All I knew about the venue for ‘Undergrowth’ was that it was in a basement underneath Sinclair’s Fitness. I didn’t know such a venue existed, so I was hoping it would be clear once I arrived. It was. The red lights glowing out of a door in the sandstone wall, and the long line of people queuing up the street were clear signs that a Dark Mofo event was in full swing.

As I entered, I inhaled a strong smell of damp. It was gloomy and hard to see well, but attendants guided us through the space and down into the basement. They implored us to tread carefully because the flagstone floor was uneven.

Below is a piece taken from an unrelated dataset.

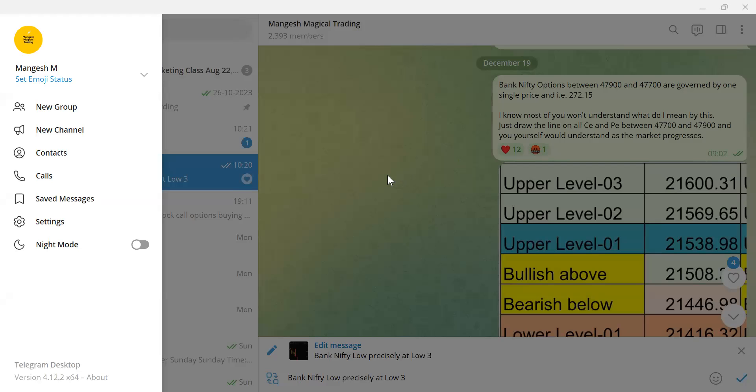Good morning friends, I once again welcome you to Mungesh Mathematical Trading. Today is 19th of December, time is precisely 1 PM. I'll start with the post in Telegram even before the market started. You can see this post timing 2 minutes past 9, even before the pre-open was complete.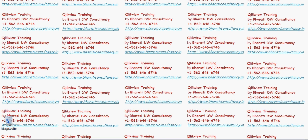Welcome to the first video of the series QlikView training by Bharti DW consultancy. In this video I am going to show you how to create quickly some real-time dashboards in QlikView.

Emerging into the ‘gallery’ space, the artwork was revealed and it was clear that they had chosen the perfect venue. Four dark, somewhat derelict, convict built sandstone brick rooms. The space was part of the undercarriage of the city of Hobart and it felt eerie. Everyone was moving around the space in complete silence captivated by the work.

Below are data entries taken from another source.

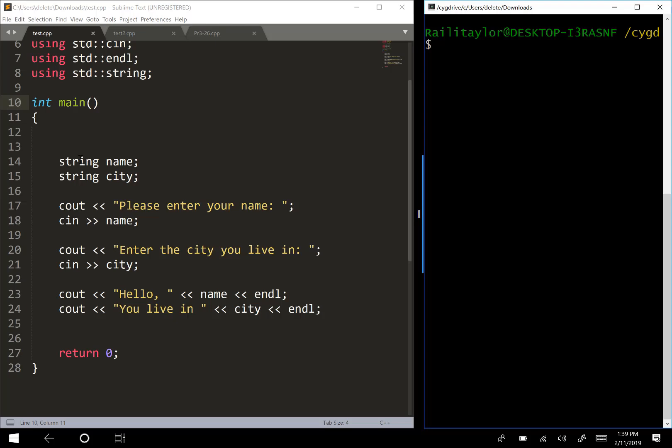Let's look at our variables that are declared. We have a string that's name and a string that's city. What we're going to do is ask the user for their name and for the city where they live.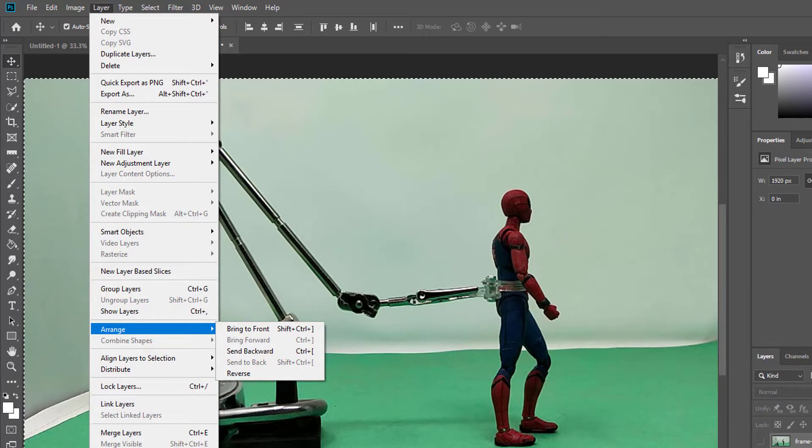This is the way you can reverse all the images in your layers. That's it. Thank you so much for watching. Please share your comments and feedback. Thank you, bye.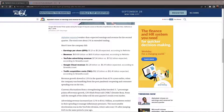Hey, greetings traders and investors. Ben at TindallTradingAnalysis.com. It's Tuesday afternoon, July 26, 2022. Alphabet just reported earnings per share of $1.21 versus estimates of $1.28, and this was on revenue of $69.69 billion.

Projected onto the damp convict built walls was video footage of botanical species coming to life, zombie-like faces of children, and creepily lit plants. Bare root fruit trees stood like a winter forest and turnips hung from the ceiling. 

The visuals, the smell, and the dark felt just like the creepy undergrowth of a forest, maybe next to a cemetery, or the dark underbelly of an abandoned city after some sort of apocalypse.

Undergrowth is part of a larger work produced by Lucy Bleach, John Vella and Kit Wise from the University's Tasmanian College of the Arts in conjunction with the students from Triabunna Primary School and the School of Plant Science at the University.

The project “Night Garden” is a cinematic exploration of dark psychological terrain. It is a Live Site Catalyst project supported by the University of Tasmania, the University's Institute for the Study of Social Change,  the Glamorgan Spring Bay Council and the Behrakis Group. Chandlers Nursery donated the trees, and Woolworths donated the parsnips. 

Undergrowth was presented by Dark Mofo for one night only. However, “Overgrowth”, a second installation, is being hosted in Triabunna on Friday 24th of June. The projections will light up various buildings within the regional community between 5-9pm. It is a free event.